* _Entries supplied_:

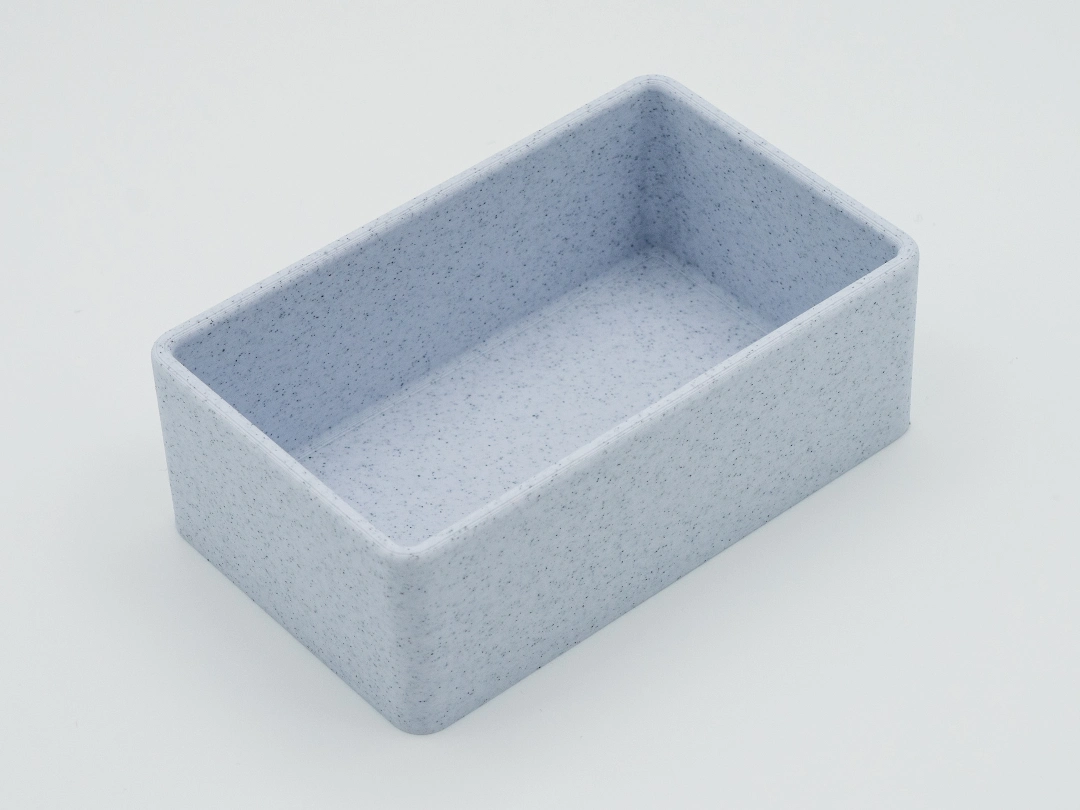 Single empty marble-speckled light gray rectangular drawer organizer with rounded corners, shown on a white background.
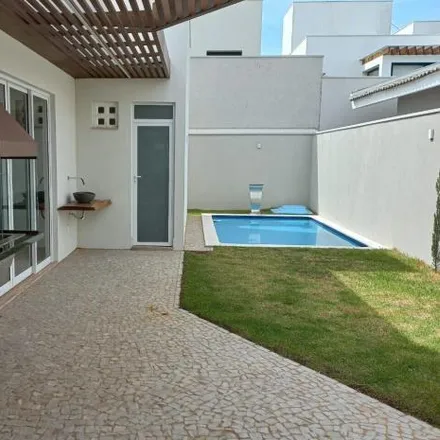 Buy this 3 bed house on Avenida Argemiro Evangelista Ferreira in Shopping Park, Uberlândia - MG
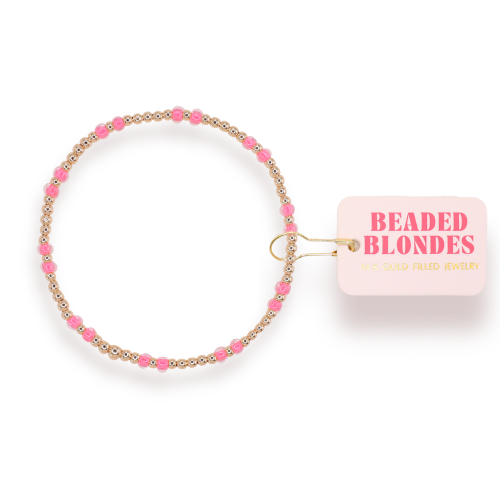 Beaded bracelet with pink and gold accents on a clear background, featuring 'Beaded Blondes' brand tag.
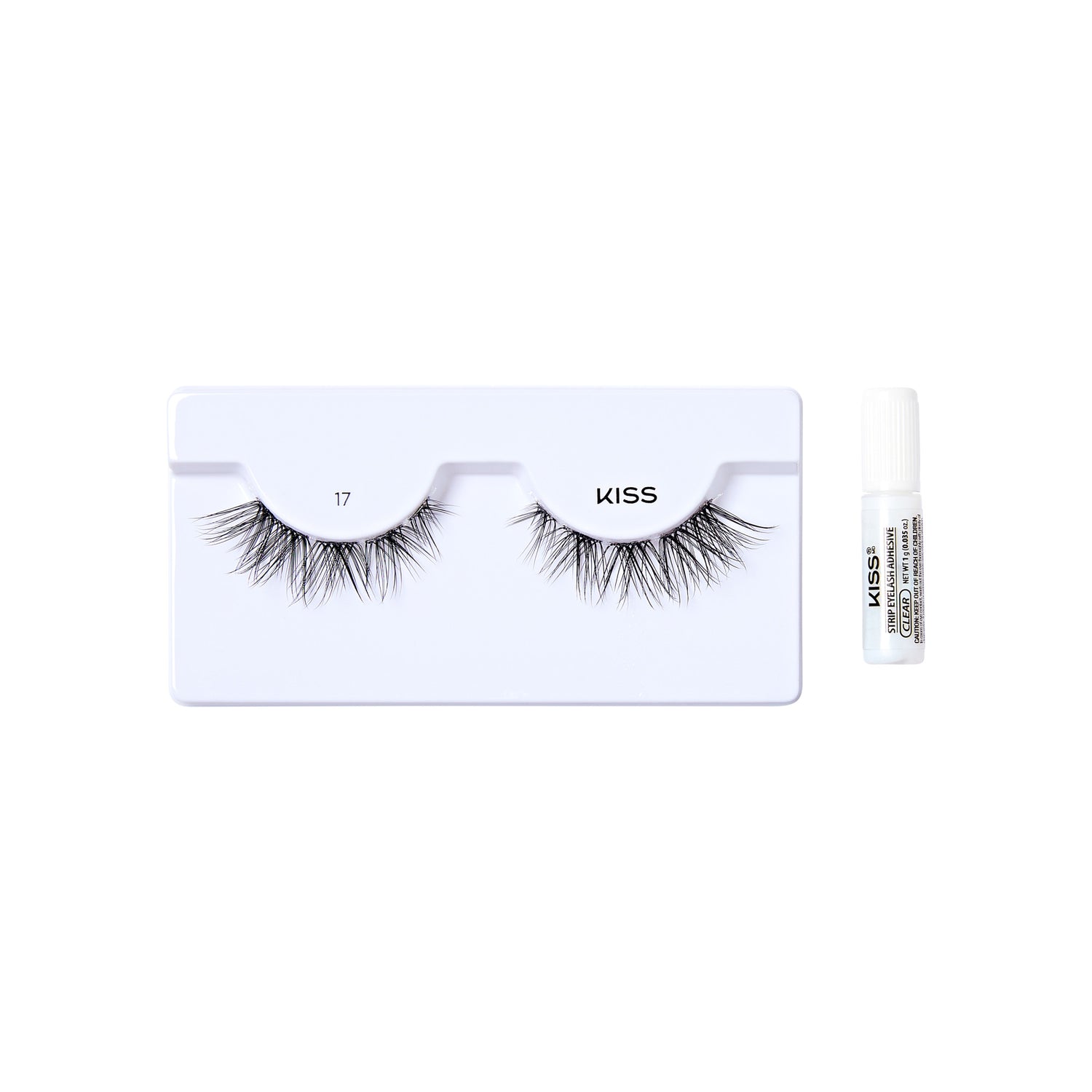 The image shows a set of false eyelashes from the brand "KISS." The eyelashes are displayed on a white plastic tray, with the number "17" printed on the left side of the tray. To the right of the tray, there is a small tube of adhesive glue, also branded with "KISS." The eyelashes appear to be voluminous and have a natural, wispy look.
...
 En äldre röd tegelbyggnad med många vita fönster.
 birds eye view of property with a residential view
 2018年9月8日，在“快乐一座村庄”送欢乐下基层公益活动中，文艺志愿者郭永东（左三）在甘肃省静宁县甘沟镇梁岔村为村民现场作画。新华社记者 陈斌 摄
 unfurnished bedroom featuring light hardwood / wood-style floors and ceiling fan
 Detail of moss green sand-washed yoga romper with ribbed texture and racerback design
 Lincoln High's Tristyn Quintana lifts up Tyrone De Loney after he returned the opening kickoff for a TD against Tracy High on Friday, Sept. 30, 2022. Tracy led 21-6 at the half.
==
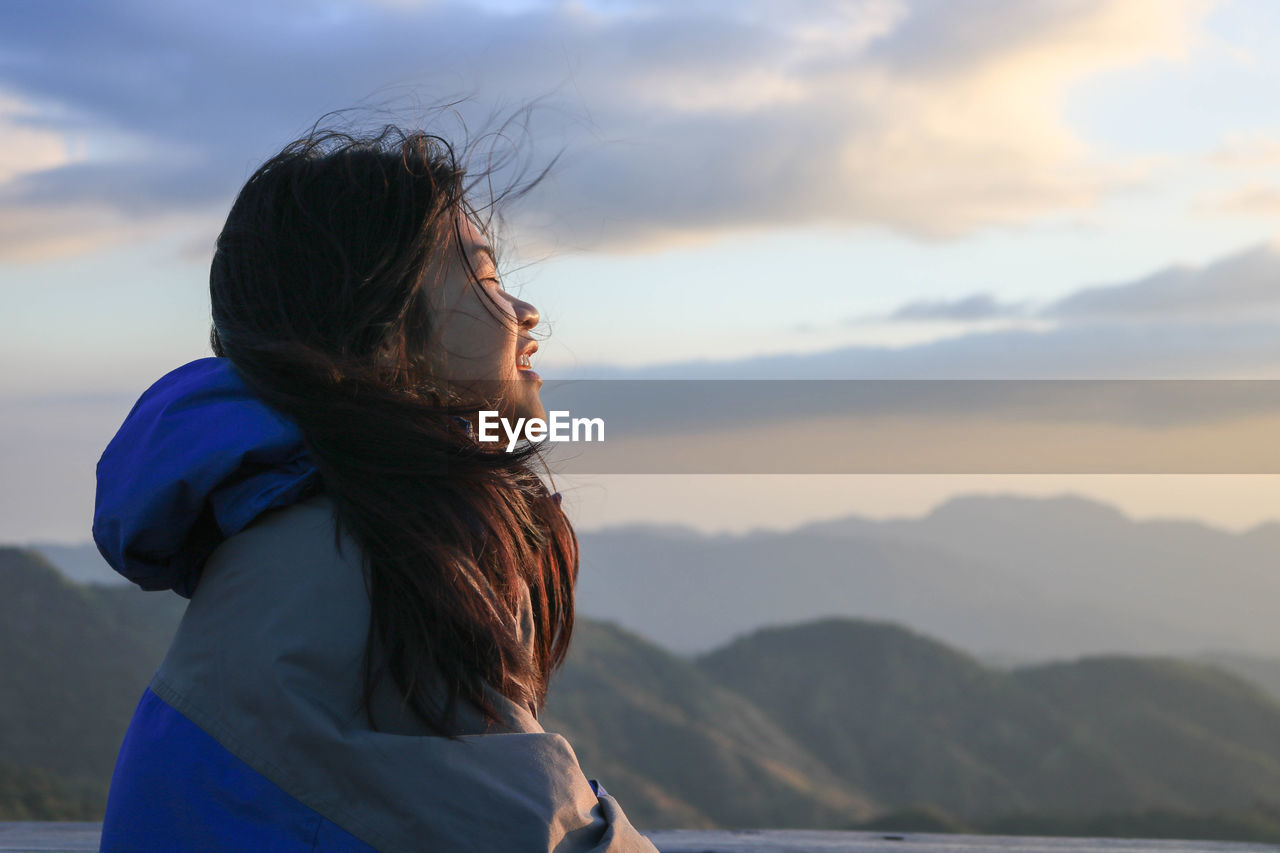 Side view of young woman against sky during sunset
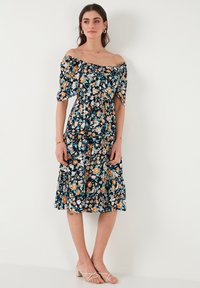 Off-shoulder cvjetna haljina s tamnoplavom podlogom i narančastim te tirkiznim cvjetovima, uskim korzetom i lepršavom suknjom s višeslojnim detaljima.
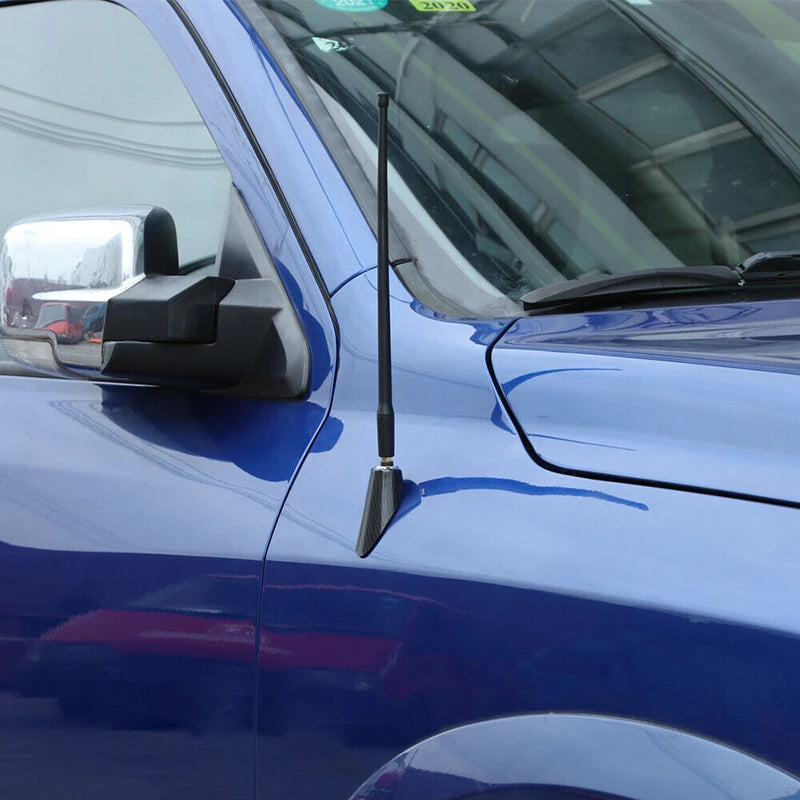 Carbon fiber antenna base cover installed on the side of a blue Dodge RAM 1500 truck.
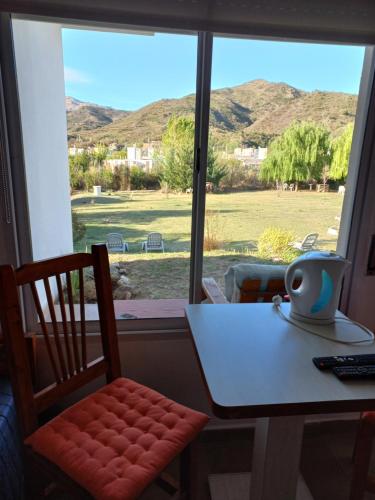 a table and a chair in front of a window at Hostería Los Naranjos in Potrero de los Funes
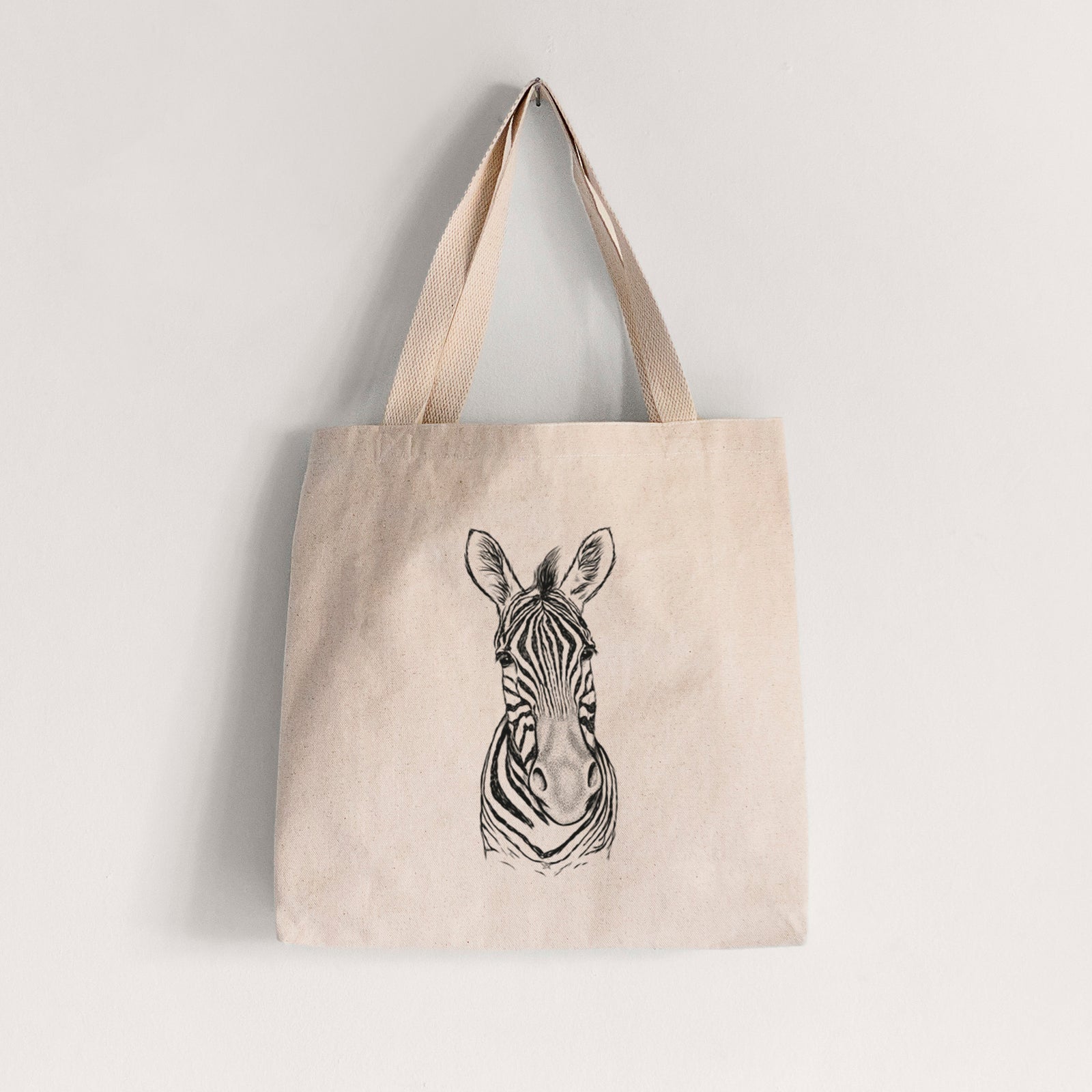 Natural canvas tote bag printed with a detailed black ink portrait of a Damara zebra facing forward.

* _What you are asked to do_: Although the records above contain pictures, the copy must not; set down exactly the lines from the one with "Single empty marble-speckled" up to and including the one with "Buy this 3 bed".

* _Output for this task_:
 Single empty marble-speckled light gray rectangular drawer organizer with rounded corners, shown on a white background.
 Buy this 3 bed house on Avenida Argemiro Evangelista Ferreira in Shopping Park, Uberlândia - MG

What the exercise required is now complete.